## TASK DIRECTIONS
Ignoring every picture, return the lines of the listing below word for word, from the line that holds "Front view of" through the line that holds "Postel nebo postele".

## EXERCISE DATA
- - - - - - -

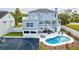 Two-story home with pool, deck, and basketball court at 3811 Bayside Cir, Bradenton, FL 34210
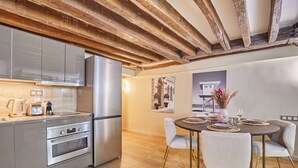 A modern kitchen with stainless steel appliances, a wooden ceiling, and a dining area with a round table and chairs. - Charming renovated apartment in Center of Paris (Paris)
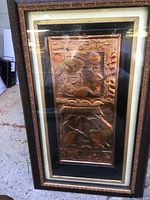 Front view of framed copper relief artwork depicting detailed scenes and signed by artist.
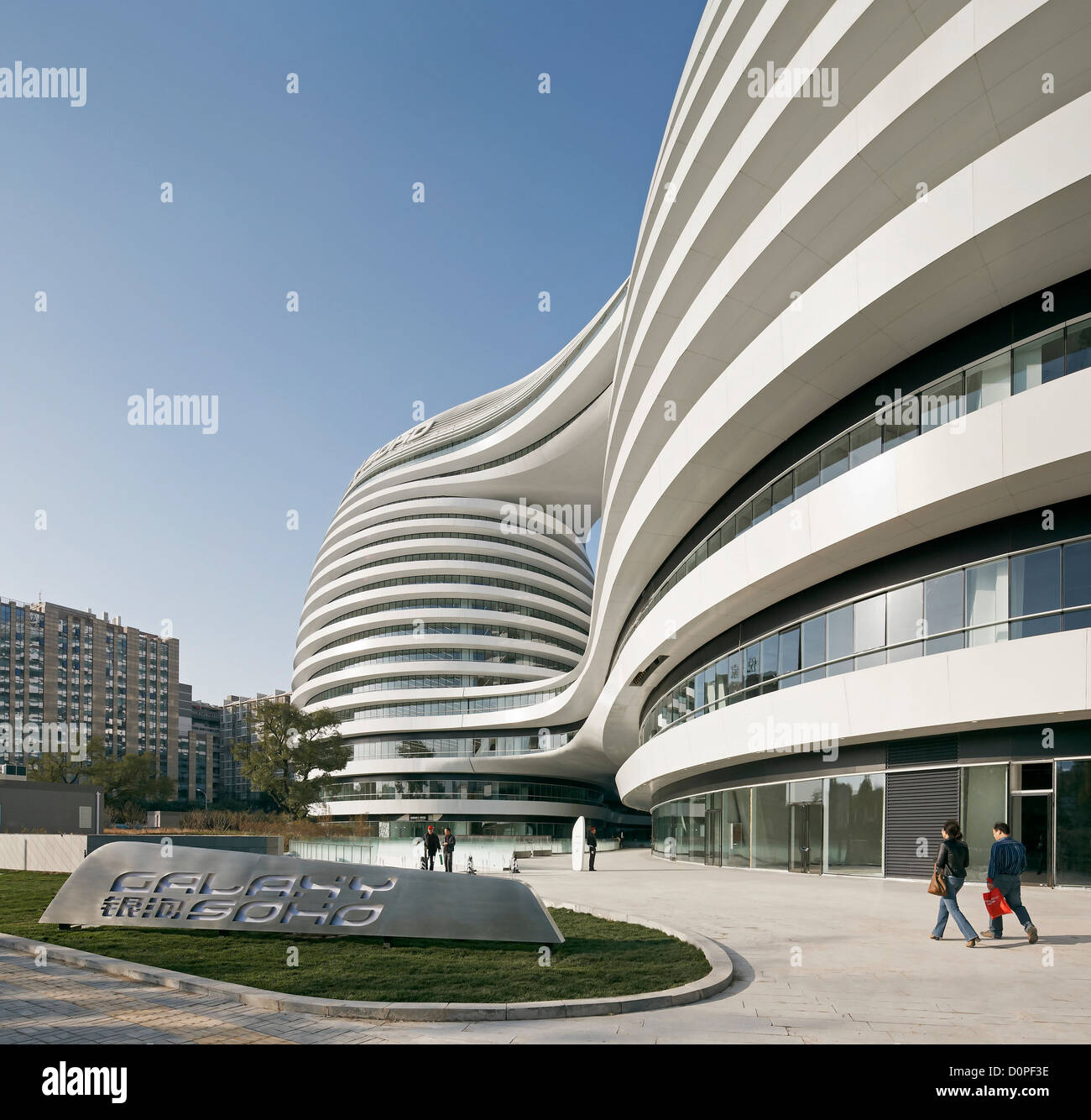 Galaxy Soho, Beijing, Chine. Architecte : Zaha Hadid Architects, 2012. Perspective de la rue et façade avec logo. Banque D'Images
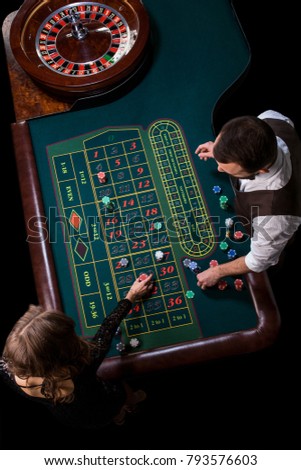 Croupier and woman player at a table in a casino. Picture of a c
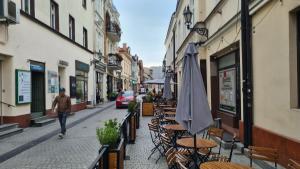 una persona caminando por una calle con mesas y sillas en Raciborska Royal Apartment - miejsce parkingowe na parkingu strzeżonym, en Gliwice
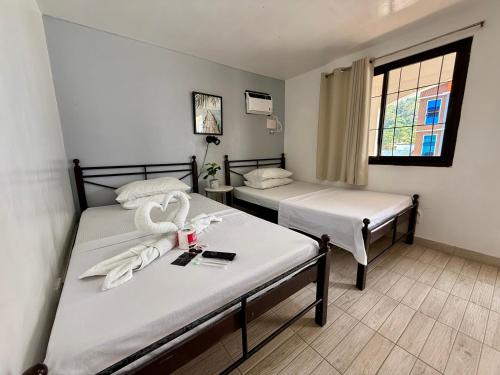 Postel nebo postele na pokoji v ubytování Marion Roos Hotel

- - - - - - -

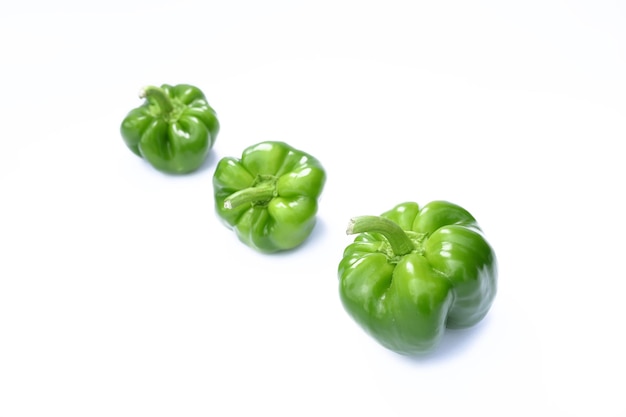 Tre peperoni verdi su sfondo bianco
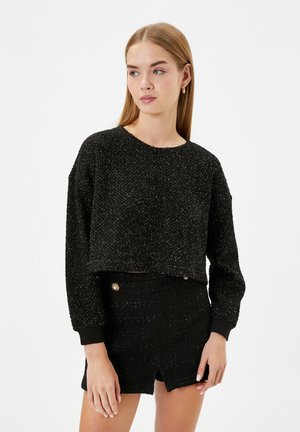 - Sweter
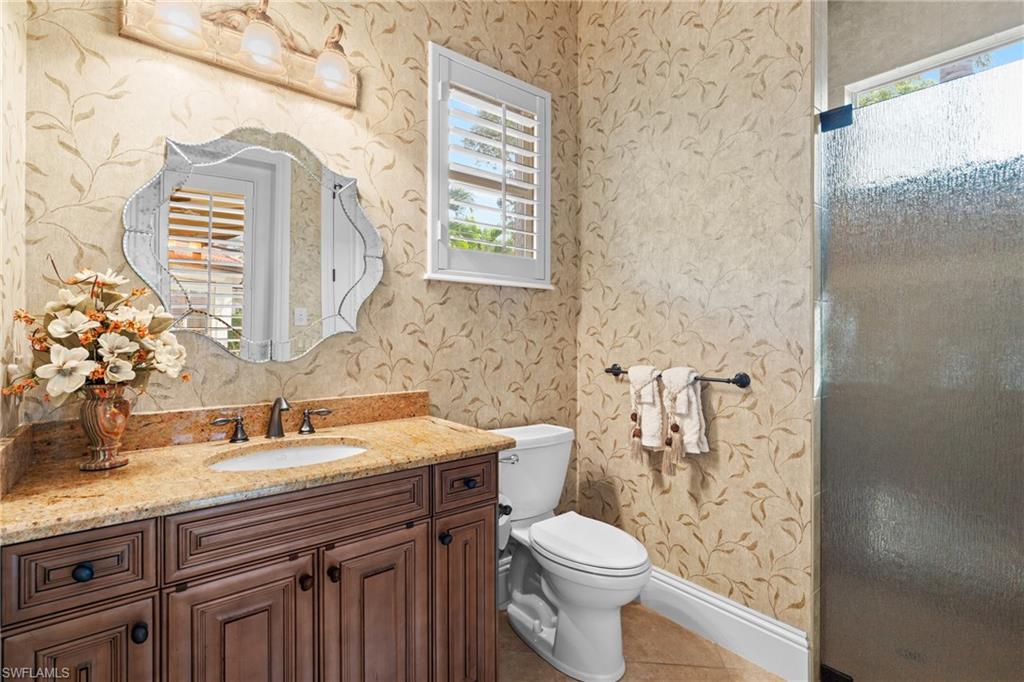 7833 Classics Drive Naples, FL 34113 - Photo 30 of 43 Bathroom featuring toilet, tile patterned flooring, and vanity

- - - - - - -

## ANSWER AREA
 Front view of framed copper relief artwork depicting detailed scenes and signed by artist.
 Galaxy Soho, Beijing, Chine. Architecte : Zaha Hadid Architects, 2012. Perspective de la rue et façade avec logo. Banque D'Images
 Croupier and woman player at a table in a casino. Picture of a c
 una persona caminando por una calle con mesas y sillas en Raciborska Royal Apartment - miejsce parkingowe na parkingu strzeżonym, en Gliwice
 Postel nebo postele na pokoji v ubytování Marion Roos Hotel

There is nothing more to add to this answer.